Start of Task data

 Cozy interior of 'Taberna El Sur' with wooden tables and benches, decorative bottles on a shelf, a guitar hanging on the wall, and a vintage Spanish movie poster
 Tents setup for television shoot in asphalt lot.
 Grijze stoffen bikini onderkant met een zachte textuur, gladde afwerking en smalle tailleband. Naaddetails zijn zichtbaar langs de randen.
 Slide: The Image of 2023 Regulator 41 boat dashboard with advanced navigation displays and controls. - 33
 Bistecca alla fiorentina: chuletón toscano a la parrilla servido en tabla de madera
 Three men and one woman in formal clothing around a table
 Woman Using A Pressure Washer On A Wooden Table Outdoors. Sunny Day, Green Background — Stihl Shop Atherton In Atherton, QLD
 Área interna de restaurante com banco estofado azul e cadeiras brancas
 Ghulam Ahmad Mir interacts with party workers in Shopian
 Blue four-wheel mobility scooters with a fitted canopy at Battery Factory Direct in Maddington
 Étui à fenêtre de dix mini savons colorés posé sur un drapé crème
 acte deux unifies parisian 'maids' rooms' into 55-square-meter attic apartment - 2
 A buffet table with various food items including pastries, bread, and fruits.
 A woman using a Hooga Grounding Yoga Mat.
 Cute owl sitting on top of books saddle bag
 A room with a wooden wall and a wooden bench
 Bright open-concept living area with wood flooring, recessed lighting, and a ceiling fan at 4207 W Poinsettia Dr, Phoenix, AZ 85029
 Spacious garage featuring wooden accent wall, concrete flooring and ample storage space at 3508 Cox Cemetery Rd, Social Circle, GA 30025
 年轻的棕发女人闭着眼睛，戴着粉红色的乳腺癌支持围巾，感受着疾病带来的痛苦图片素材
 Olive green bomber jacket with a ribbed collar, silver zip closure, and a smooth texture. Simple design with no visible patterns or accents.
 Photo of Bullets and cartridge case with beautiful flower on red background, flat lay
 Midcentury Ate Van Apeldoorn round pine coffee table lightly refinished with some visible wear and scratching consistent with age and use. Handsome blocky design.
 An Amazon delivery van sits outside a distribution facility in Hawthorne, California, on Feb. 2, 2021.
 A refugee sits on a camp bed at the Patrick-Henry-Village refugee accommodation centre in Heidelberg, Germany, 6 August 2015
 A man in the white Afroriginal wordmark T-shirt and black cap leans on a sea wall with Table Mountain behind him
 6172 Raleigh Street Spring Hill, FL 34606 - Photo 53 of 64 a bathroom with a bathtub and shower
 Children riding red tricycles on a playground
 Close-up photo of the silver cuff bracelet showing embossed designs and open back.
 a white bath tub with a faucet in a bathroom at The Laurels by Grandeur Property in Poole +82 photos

End of Task data

→ What needs to be done: Quote the listing above, but only from the line that shows "Ghulam Ahmad Mir" through the line that shows "acte deux unifies".

→ Problem solution:
 Ghulam Ahmad Mir interacts with party workers in Shopian
 Blue four-wheel mobility scooters with a fitted canopy at Battery Factory Direct in Maddington
 Étui à fenêtre de dix mini savons colorés posé sur un drapé crème
 acte deux unifies parisian 'maids' rooms' into 55-square-meter attic apartment - 2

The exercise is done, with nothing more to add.